Bila'nın Hürriyet gazetesinde 'Ege ve Suriye'de kritik adımlar' başlığıyla yayımlanan yazısı şöyle:
Genelkurmay Başkanı Orgeneral Hulusi Akar ve kuvvet komutanlarının bir hücumbotla Kardak’ta görüntü vermeleri Yunanistan’ın tepkisine yol açtı.

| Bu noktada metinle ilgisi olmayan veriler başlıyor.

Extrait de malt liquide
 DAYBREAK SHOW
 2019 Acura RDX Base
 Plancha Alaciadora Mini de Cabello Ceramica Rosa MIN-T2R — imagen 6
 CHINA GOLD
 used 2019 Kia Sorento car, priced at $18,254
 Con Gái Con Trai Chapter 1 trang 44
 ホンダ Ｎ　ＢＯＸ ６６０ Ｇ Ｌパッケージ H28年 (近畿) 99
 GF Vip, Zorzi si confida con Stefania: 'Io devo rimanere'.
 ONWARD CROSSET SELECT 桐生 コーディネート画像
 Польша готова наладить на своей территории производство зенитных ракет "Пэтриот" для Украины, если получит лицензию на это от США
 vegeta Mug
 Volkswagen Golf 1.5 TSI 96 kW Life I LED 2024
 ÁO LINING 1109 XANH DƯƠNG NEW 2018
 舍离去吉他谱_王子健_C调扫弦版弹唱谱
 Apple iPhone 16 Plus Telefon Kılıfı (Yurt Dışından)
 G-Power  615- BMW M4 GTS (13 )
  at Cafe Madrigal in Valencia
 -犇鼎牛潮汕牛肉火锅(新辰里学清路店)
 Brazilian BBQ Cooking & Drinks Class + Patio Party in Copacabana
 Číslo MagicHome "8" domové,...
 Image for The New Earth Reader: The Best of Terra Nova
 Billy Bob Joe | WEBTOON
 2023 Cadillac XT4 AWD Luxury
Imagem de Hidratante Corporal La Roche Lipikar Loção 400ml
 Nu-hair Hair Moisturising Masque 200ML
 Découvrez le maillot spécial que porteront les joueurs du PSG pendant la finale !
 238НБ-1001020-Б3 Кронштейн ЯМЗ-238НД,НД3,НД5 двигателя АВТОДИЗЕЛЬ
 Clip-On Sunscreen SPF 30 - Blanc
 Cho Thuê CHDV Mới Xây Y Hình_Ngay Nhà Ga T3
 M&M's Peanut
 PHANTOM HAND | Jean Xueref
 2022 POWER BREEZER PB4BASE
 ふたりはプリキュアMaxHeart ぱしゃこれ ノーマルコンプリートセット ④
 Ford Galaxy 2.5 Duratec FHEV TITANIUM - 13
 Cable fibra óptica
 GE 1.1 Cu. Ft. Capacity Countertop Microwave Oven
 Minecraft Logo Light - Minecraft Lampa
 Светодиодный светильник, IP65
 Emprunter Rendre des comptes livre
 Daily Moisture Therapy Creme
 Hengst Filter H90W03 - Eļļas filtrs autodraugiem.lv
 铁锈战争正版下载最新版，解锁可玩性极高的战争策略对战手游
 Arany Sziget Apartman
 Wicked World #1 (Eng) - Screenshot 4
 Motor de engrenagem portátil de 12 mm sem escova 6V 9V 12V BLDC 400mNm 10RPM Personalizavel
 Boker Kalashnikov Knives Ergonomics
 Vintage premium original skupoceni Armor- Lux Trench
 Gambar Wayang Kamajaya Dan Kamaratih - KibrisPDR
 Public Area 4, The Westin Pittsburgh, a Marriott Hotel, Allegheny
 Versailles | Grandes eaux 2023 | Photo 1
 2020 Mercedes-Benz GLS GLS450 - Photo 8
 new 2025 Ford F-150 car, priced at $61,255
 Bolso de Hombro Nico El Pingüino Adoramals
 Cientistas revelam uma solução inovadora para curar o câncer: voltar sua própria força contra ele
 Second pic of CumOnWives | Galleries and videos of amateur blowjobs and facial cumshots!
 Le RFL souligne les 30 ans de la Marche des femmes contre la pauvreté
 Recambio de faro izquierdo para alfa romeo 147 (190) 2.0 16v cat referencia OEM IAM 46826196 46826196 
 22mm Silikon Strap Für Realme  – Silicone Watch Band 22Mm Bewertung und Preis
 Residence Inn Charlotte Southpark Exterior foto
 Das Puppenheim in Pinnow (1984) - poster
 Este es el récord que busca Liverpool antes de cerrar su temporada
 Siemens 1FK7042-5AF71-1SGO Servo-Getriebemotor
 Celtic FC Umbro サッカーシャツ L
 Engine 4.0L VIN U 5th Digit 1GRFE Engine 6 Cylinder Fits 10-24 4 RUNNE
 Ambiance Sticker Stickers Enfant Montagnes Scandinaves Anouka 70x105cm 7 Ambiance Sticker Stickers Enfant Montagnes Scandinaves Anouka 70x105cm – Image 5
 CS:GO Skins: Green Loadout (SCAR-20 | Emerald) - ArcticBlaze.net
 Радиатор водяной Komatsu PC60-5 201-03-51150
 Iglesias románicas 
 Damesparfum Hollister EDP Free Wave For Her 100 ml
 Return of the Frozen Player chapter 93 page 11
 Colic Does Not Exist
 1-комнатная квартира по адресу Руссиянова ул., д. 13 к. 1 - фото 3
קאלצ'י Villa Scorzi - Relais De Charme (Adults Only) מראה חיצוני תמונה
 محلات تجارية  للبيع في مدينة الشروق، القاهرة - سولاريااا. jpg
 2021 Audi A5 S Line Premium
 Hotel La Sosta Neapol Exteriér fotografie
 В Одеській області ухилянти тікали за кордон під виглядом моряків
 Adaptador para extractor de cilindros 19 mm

Yunan Milli Savunma Bakanı, dün helikopterle bölgede uçtu. Adacıklar etrafında bot dalaşı yaşandı. Yunan helikopterlerine karşı Türk jetleri alçak uçuş yaptı. İşgal ve silahlanma
Ege’de Türkiye için kritik olan adım Yunanistan’ın 2004 yılından bu yana aidiyeti belirsiz adacıkları egemenliği altına alma girişimleridir. Akar’ın ve kuvvet komutanlarının Kardak ziyaretinin nedenleri arasında Yunanistan’ın bu girişimlerinin bulunduğu da askeri kaynaklarca belirtiliyor. Bu konuda, deniz hukuku ve özellikle Kıbrıs konusunda uzman olan eski Milli Savunma Bakanlığı Genel Sekreteri Ümit Yalım, bir süredir sosyal medyada önemli bilgiler paylaşıyor ve önemli iddiaları gündeme getiriyor. Yalım, haritalar üzerinden verdiği bilgilerle, Yunanistan’ın Ege’de, Kardak kayalıklarının yakınındaki Kalolimnoz Adası’yla birlikte 18 adayı işgal ettiğini ve silahlandırdığını belirtiyor. Eski bakanlardan Prof. Dr. Suat Çağlayan ise Odatv’de yazdığı makalede Yunanistan’ın işgal ettiği ada ve kayalıkları şöyle sıralıyor: “Koyun, Hurşit, Formoz, Eşek, Nergizcik, Bulamaç, Kalolimnoz, Keçi, Sakarcılar, Koçbaba, Ardacık, Gavdos, Dhia, Dionisades, Gaidhouronisi, Koufonisi ve Venedik kayalıkları.” Yunanistan’ın Ege’de aidiyeti belirsiz adacıkları işgal edip silahlandırması, kendine yeni alanlar açmaya devam etmesi, Türkiye’ye yönelik ciddi bir hak ihlali ve tehdit niteliğindedir.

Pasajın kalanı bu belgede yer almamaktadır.